自工会が掲げる「新7つの課題」の空白地帯 自動車産業は人々を惹きつける基幹産業であり続けられるのか
2030年代に労働人口が20%減少する自動車産業。AI・ロボットで生産性向上を図る試みが進む一方、デジタル人材確保や若者のブランド離れが課題となり、基幹産業の持続性が問われている。
人材課題の検討段階

自工会が「人材基盤の強化」を検討中としている件について、佐藤会長は会見で次のように説明した。
「自動車産業の労働人口の減少の見通しはかなり厳しく、2030年代にはもう今から20%減ぐらいの状態になる。日本で車を開発し、生産するには20%の生産性を上げないと、同じ状態を作れないという危機意識がある。そこに対し、AI(人工知能)やロボティクスなどの生産性向上に向けた日本らしいアプローチをしていくという議論はあるが、それをリードできる人材、どのようなスキル、どのようなメンバーがそこにエンゲージ(従事)すればその形を作れるのか、そういうところからまず議論をしている」(『日刊自動車新聞』2026年3月24日付け)
自動車業界は2030年代に労働人口が2割減る現実に直面しており、デジタル技術による生産性向上で不足を補うことが急務だ。この20%という数字は、単に労働力を補うだけでなく、
「開発体制全体の見直し」
も迫るものである。AIやロボットの導入は作業の自動化にとどまらず、熟練者の技能をデジタル化して次世代に引き継ぐ取り組みでもある。
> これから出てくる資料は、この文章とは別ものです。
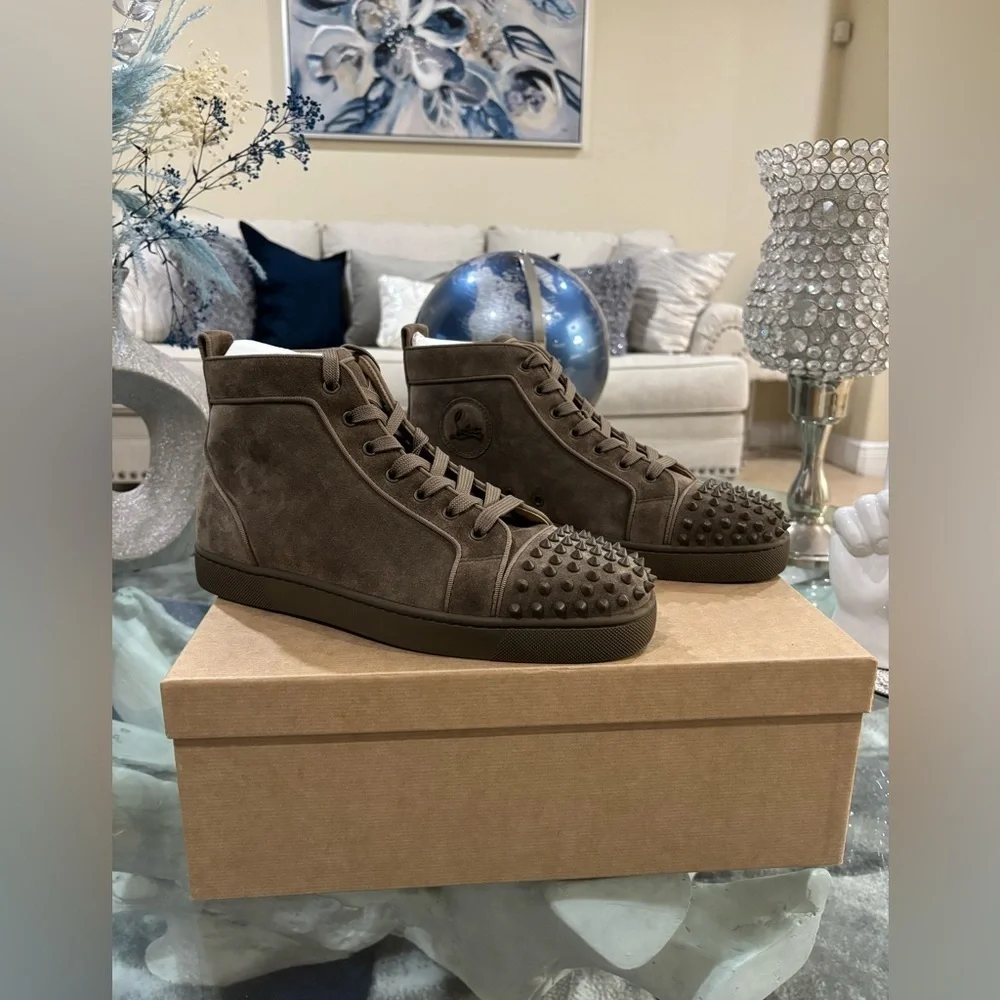 NWT Christian Louboutin Spikes Orlato Flat in Brown Retails at $1045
この変化は、機械工作を得意とする人材から、ソフトウェアで価値を生み出す人材への重心の移動を示している。自工会が具体策を示せない背景には、
・年功序列を基本とする従来の評価制度
・外部流動性の高いIT人材の獲得競争
が組織内で折り合わない現実がある。人材基盤のあり方を決めることは、産業の基盤を根本から整える作業に等しい。この構造的な摩擦が、この項目を「検討中」にとどめさせているのだろう。